In order to let the user render the context like he wants, I'd like to provide
the following information inside the problem_source.
return #(String) ""#;

So I don't preserve the underlines. The relevant part of the line is between
'#'. This also the converters to parse that string and extract what they want.
Then a HTML converter could underline the guilty part of the line using HTML
tags, whereas a TXT converter would underline the part of the source code using '^'.

Do you have a better idea?
Comment 32 Nick Crossley CLA 2005-01-25 02:54:18 EST
I thought there was an issue with white space normalization in XML attributes -
 that is, white space was always normalized in attributes, whereas that was 
controllable in elements?  Since you might not want white space normalization 
in source and messages, do you really want those as attributes?

As for marking the source, I agree that some context is useful.  I have no 
objection to your proposal in principle, though if you use '#' as the marker, 
how would an actual # character be shown?

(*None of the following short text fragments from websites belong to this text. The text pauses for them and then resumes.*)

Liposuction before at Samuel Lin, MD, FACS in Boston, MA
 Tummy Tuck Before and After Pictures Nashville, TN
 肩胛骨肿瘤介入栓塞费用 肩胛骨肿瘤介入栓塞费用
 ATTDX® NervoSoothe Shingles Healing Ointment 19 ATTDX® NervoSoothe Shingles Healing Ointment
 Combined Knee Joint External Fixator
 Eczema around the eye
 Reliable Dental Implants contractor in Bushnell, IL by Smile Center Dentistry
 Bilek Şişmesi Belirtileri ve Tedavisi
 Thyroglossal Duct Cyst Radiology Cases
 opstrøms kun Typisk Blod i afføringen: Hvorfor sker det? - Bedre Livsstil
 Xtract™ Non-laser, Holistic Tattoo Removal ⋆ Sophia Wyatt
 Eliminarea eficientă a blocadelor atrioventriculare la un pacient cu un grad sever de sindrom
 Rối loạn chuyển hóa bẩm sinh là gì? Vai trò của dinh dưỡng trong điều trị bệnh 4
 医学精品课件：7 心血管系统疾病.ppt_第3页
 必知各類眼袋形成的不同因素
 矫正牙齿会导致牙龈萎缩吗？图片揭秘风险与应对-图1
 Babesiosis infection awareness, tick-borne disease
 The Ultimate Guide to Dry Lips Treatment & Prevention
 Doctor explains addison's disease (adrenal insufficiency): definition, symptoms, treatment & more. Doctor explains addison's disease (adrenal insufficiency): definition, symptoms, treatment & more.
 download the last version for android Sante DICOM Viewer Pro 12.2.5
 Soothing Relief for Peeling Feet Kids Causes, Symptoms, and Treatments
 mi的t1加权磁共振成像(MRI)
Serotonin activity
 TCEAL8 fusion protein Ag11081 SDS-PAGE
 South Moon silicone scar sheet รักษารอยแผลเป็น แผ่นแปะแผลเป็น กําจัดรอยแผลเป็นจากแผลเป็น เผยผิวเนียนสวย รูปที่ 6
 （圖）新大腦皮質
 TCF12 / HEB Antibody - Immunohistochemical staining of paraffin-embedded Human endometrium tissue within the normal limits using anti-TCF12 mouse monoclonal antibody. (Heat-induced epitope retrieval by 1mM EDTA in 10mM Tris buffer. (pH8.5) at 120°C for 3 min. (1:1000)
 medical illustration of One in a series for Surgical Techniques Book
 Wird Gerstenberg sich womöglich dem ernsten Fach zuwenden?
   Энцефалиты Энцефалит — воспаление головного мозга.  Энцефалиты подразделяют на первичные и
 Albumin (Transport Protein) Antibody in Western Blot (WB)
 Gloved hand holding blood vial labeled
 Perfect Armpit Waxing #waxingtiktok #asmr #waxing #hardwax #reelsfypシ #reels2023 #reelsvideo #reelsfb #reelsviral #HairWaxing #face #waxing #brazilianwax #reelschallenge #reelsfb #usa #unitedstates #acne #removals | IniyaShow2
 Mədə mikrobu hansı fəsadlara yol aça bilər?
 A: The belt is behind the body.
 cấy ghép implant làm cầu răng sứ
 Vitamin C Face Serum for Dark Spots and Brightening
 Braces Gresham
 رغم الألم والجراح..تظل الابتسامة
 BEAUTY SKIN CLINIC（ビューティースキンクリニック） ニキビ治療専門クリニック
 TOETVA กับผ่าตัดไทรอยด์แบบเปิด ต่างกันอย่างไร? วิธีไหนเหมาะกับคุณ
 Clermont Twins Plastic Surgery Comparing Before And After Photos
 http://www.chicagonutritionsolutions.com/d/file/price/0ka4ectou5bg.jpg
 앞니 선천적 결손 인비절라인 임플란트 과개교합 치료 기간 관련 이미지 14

One alternative to marking the source would be to provide an attribute 
indicating the start position in the file of the source string.  By 
subtracting this from the start position of the error, a reader could find the 
relative position of the error in the given string.
Comment 33 Olivier Thomann CLA 2005-01-25 10:32:15 EST
Ok, I didn't know that. So I leave them as is. Meaning they will be argument and
not attributes.
I'll try to find a better solution for positions in the context. Adding two
attributes to the problem_source element could be a solution. This would not
pollute the problem itself and like these values would be meaningful only in the
context of the source, I think they are good candidates for attributes in the
problem_source element. The positions would be relative to the source specified
in the element.
Comment 34 Olivier Thomann CLA 2005-02-11 12:52:29 EST
I updated the DTD in HEAD to include the number of tasks in the problem summary.
It is now:

<!ATTLIST problem_summary problems CDATA #REQUIRED
                          errors   CDATA #REQUIRED
                          warnings CDATA #REQUIRED
                          tasks    CDATA #REQUIRED
>

instead of:

<!ATTLIST problem_summary problems CDATA #REQUIRED
                          errors   CDATA #REQUIRED
                          warnings CDATA #REQUIRED
>

Before the number of warnings included the number of tasks. This was not
consistent with the file format that makes the distinction between tasks and
warnings.
Comment 35 Frederic Fusier CLA 2005-02-16 12:15:58 EST
Verified with 3.1 M5 candidate (I20040215-2300)
Comment 36 Nick Crossley CLA 2005-06-01 21:49:13 EDT
Is there any plan to update the file jdt-core-home/howto/batch 
compile/batchCompile.html with information on the XML reports, accessibility 
rules, and other options added to the batch compiler in 3.1?
Comment 37 Olivier Thomann CLA 2005-06-01 21:51:25 EDT
Yes, we will work on the doc before 3.1 is out.